How much difference does sensor size make?
Sensor size affects more than night footage. A larger photosensitive area can collect more light at a given exposure, giving the processor cleaner information before denoising and sharpening are applied. This helps preserve colour in shadows and reduces the waxy textures that appear when small-sensor footage receives aggressive noise reduction.
The X5 uses dual 1/1.28-inch sensors behind f/2 lenses. The Osmo 360 uses a 1/1.1-inch CMOS design with an f/1.9 aperture. Both have a clear technical advantage over 1/2-inch designs in dark scenes, though processing and stitching remain important. DJI’s larger capture area and 10-bit mode give it the edge for controlled low-light video; the X5 counters with a stronger all-round editing ecosystem and replaceable lenses.
Sensor size does not guarantee better daylight results. Bright conditions allow smaller sensors to operate at low ISO settings, reducing noise. Lens quality, exposure consistency between the two sides and stitching calibration can then become more visible than the sensor difference.
Professional still photography introduces another distinction. The Theta Z1 uses two 1-inch-type sensors and supports DNG RAW files. Its 23MP-class output contains fewer pixels than the 60MP, 72MP and 120MP modes offered elsewhere, but each image can withstand more deliberate tonal adjustment. Resolution and sensor quality solve different problems.
Which 360 camera is strongest in low light?
The DJI Osmo 360 is the strongest current consumer option for low-light video. Its 1/1.1-inch sensor, f/1.9 aperture, 10-bit recording and D-Log M profile provide a strong foundation for night streets, indoor events and mixed artificial light. It can maintain more usable colour information during grading than an 8-bit file, though 10-bit capture cannot rescue severe underexposure.
The X5 follows closely and may be the more practical purchase for creators who need low-light improvement without giving up Insta360’s reframing tools. PureVideo applies dedicated processing for darker environments, and Insta360 recommends it when standard footage becomes noisy or blurred. Heavy movement in very low light can still produce smearing because the camera must balance shutter speed, stabilisation and noise reduction.
The Theta Z1 remains stronger for static low-light photography. A tripod, manual exposure and RAW development let its larger sensors record interior detail without relying on aggressive video denoising. It is not a suitable replacement for an action-focused 360 video camera.
The MAX2 and AKASO 360 are better treated as daylight cameras. Both can record after dark, but smaller sensors and action-led processing place greater pressure on noise reduction. A lower-cost camera still makes sense for occasional night clips where atmosphere matters more than fine detail.
Do 72MP and 120MP photos produce more useful detail?
A 120MP spherical photograph is not equivalent to a 120MP conventional photograph. The pixels cover the floor, ceiling and every horizontal direction. Once a normal perspective is extracted, the useful resolution becomes much lower.
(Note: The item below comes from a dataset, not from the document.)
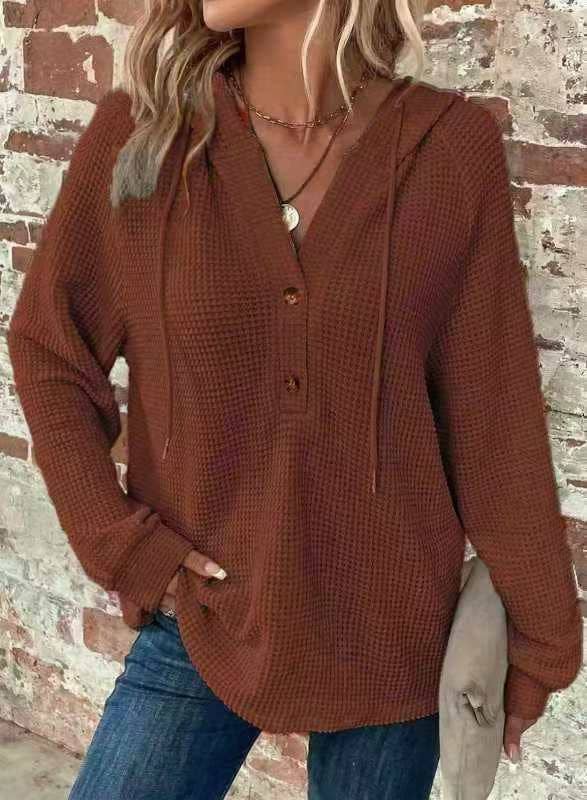 safistyle - Wholesale Hoodie - Women's - Women’s Waffle Knit V-Neck Hoodie Sweatshirt4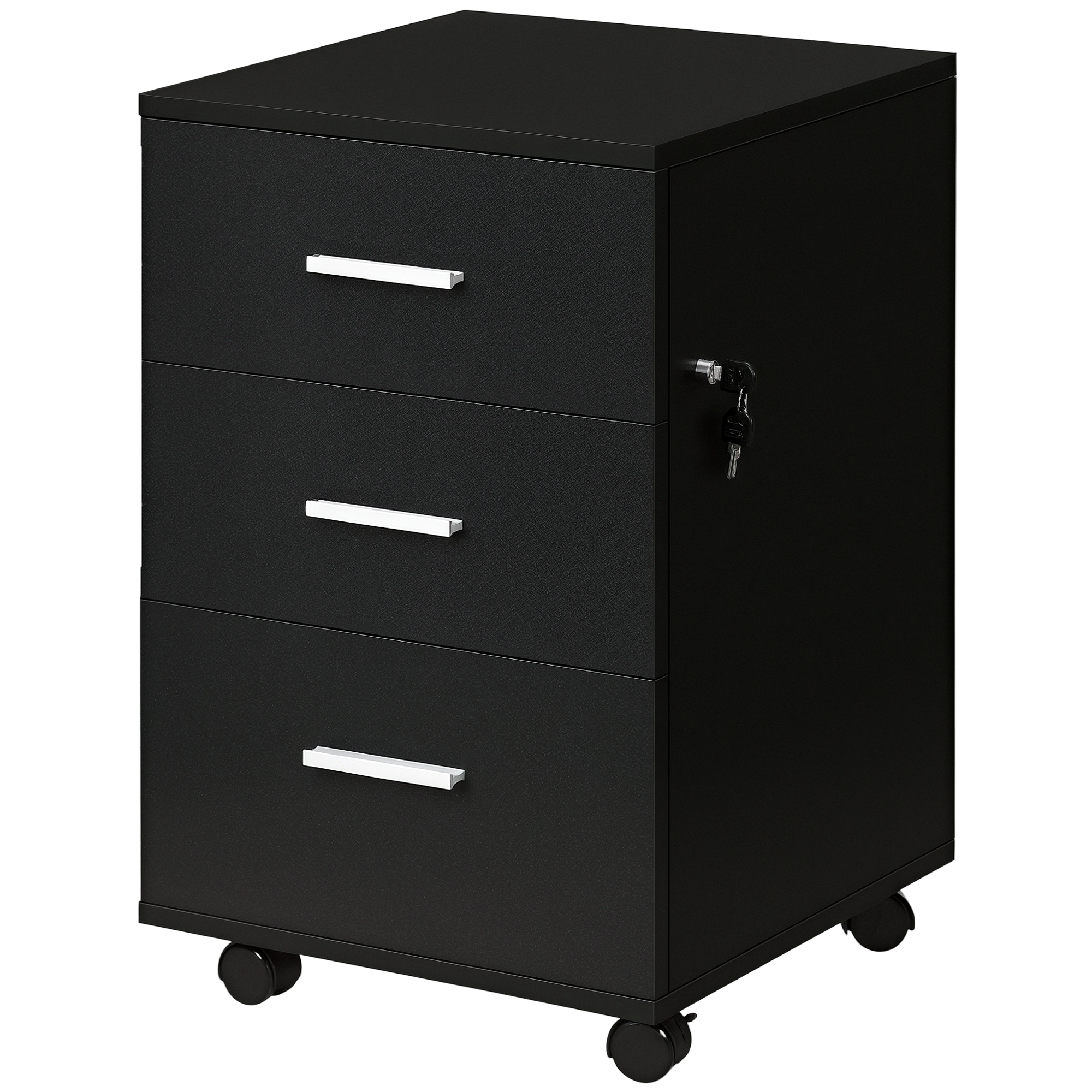 Vinsetto Caisson de Bureau Rangement Bureau sur Roulettes 3 Tiroirs Verrouillables 40 x 41,5 x 61,5 cm Noir Vinsetto Caisson de Bureau Rangement Bureau sur Roulettes 3 Tiroirs Verrouillables 40 x 41,5 x 61,5 cm Noir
DJI’s 120MP panoramic mode produces a 15520 × 7760 image. The X5 records 72MP spherical files at 11904 × 5952. The Theta X creates an 11008 × 5504 file of about 60MP. These dimensions provide useful room for virtual-tour viewing and moderate perspective extraction, but the final detail still depends on lens sharpness, stitching and exposure.
High megapixel modes work best on a stable support with stationary subjects. Movement during multi-frame processing can create doubled people, broken leaves or misaligned edges. Interiors with bright windows benefit from HDR processing, though furniture close to the stitch boundary may reveal parallax errors.
The Theta Z1 produces a lower-resolution file yet supports RAW capture. Commercial photographers who adjust white balance, recover window highlights and control shadow noise may gain more from that RAW flexibility than from a much larger processed JPEG.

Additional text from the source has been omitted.